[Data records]
- - - -

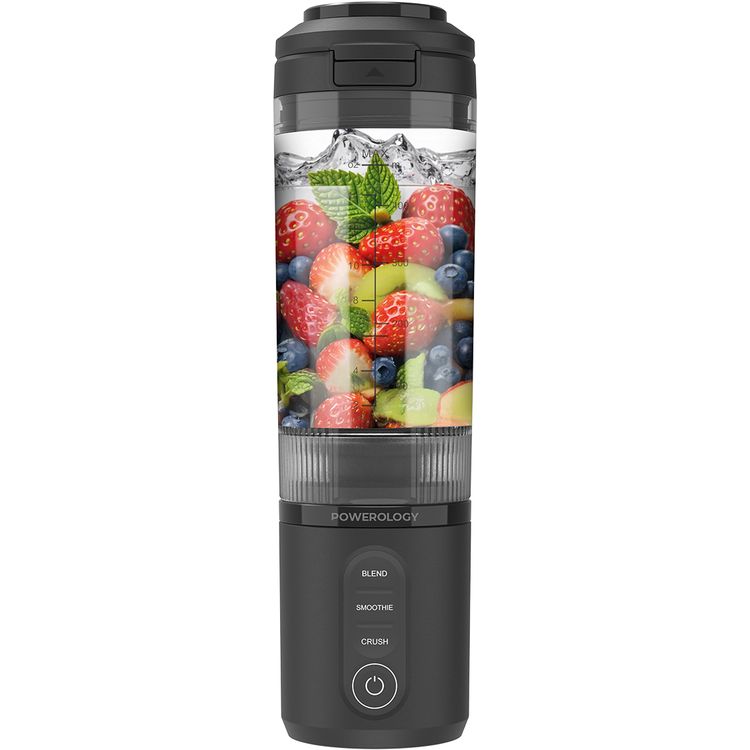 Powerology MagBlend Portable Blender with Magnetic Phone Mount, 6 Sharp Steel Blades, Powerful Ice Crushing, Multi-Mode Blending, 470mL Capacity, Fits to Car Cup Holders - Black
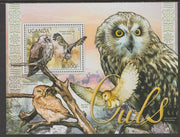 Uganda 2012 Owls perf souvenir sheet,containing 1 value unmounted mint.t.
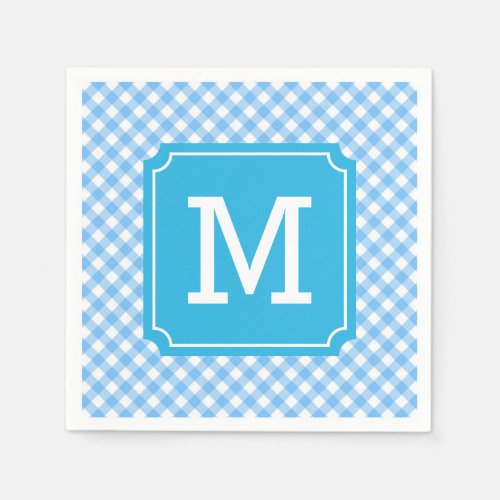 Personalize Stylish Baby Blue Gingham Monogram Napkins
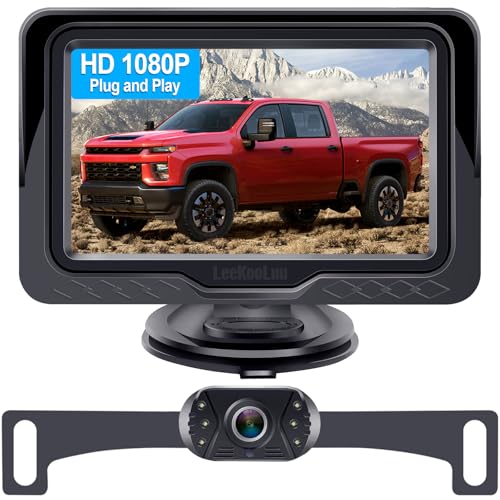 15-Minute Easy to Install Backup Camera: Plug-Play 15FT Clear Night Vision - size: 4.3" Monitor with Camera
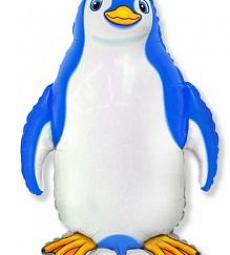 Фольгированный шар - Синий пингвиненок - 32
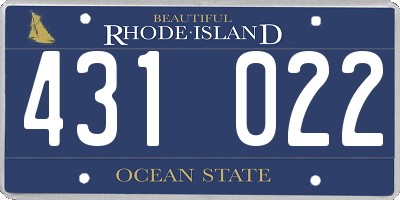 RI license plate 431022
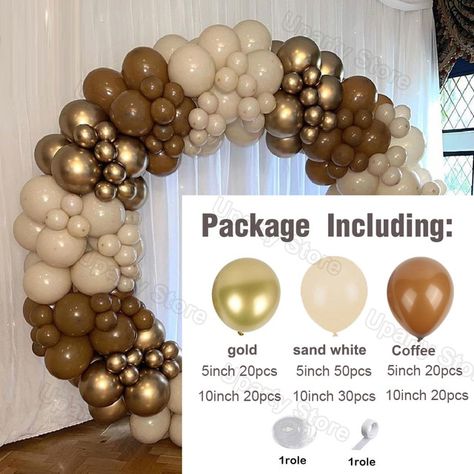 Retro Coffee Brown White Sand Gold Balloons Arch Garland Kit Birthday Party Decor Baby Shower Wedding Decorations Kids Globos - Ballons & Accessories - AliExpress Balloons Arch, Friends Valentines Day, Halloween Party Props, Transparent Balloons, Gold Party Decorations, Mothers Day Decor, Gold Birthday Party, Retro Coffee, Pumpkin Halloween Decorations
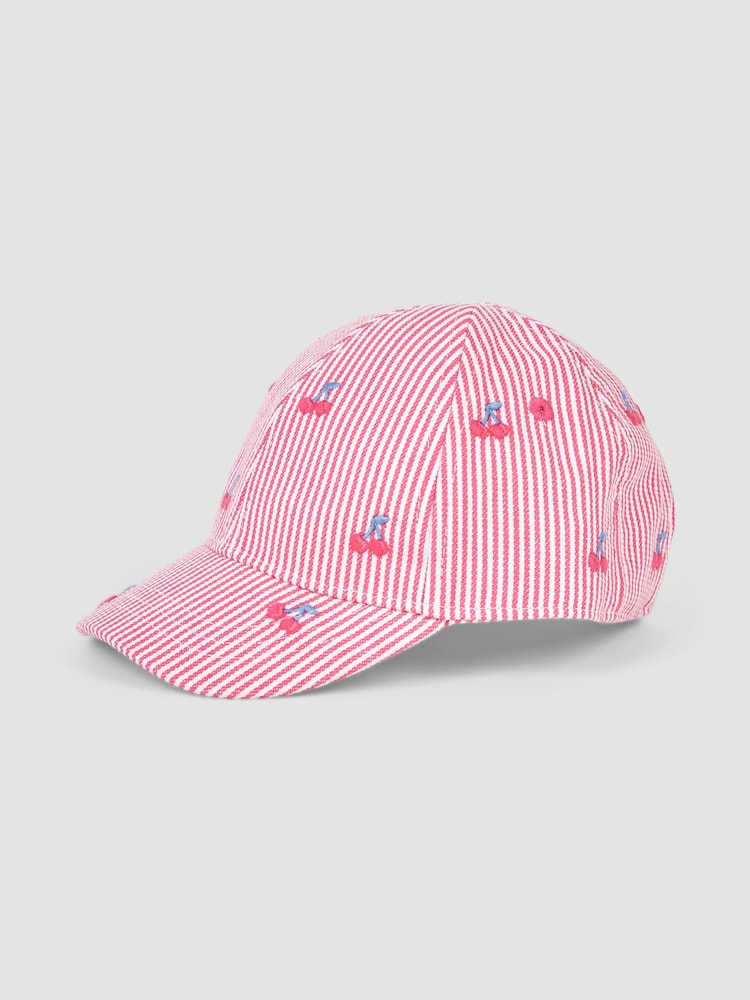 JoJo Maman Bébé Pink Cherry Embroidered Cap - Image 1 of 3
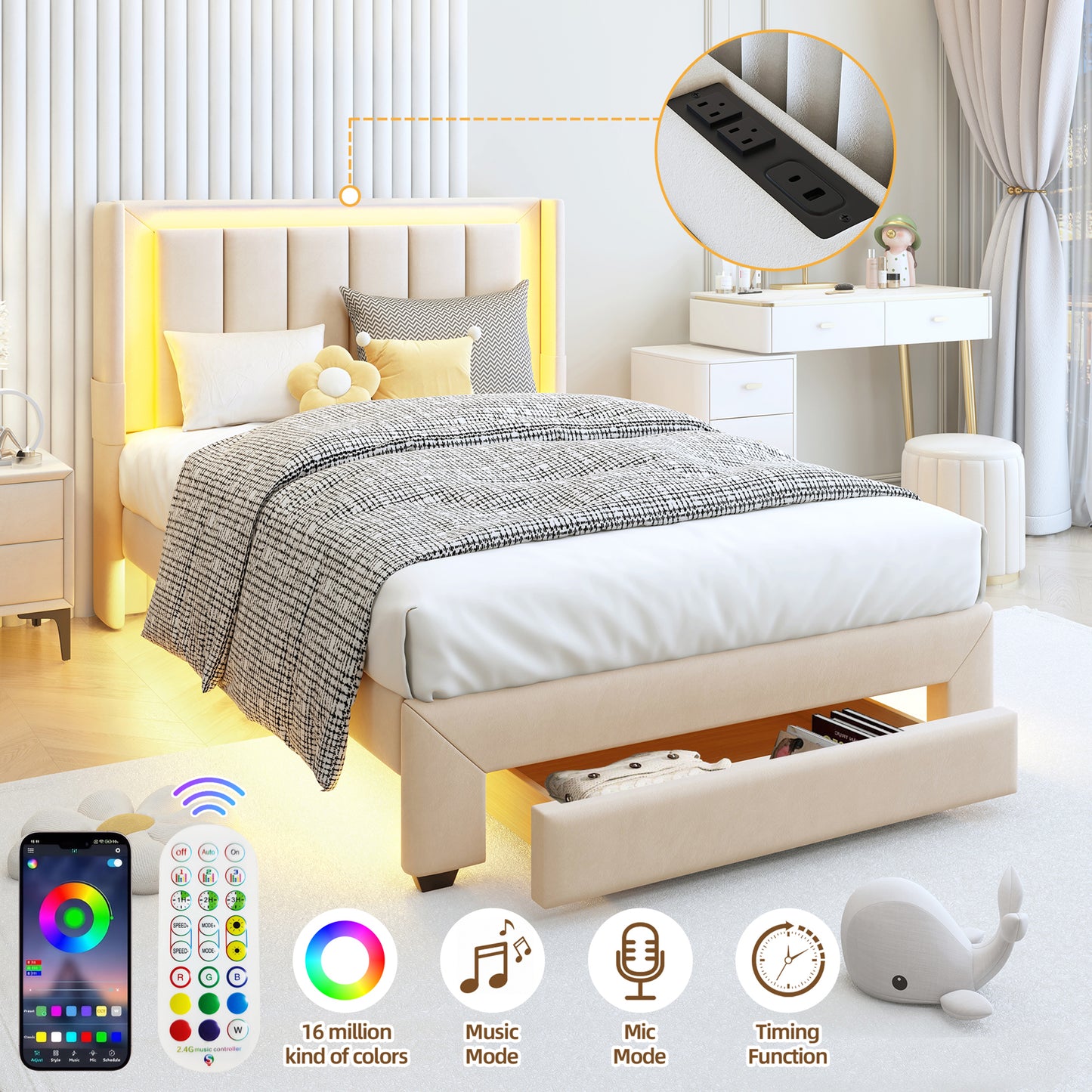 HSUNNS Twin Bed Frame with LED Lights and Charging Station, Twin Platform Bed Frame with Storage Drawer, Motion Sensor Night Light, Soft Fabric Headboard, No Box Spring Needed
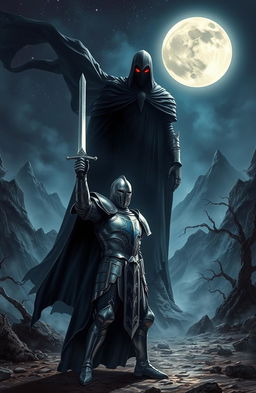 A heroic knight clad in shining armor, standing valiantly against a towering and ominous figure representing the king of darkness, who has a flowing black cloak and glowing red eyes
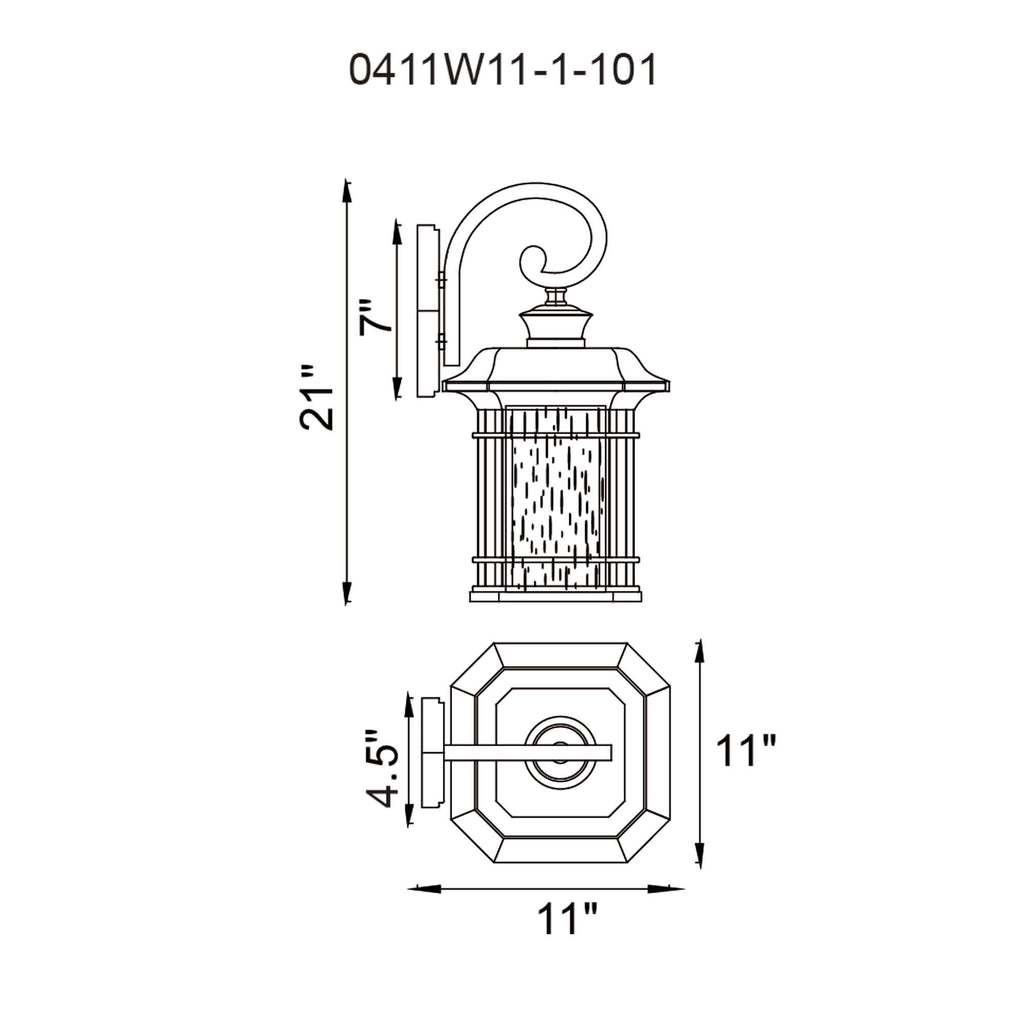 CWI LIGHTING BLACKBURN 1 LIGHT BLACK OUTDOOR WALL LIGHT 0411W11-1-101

- - - -

■ BRIEF
Find the line containing "A heroic knight", then extract it and every line after it to the end of the data above, exactly and nothing else, without pictures.

■ RESPONSE TO THIS TASK
 A heroic knight clad in shining armor, standing valiantly against a towering and ominous figure representing the king of darkness, who has a flowing black cloak and glowing red eyes
 CWI LIGHTING BLACKBURN 1 LIGHT BLACK OUTDOOR WALL LIGHT 0411W11-1-101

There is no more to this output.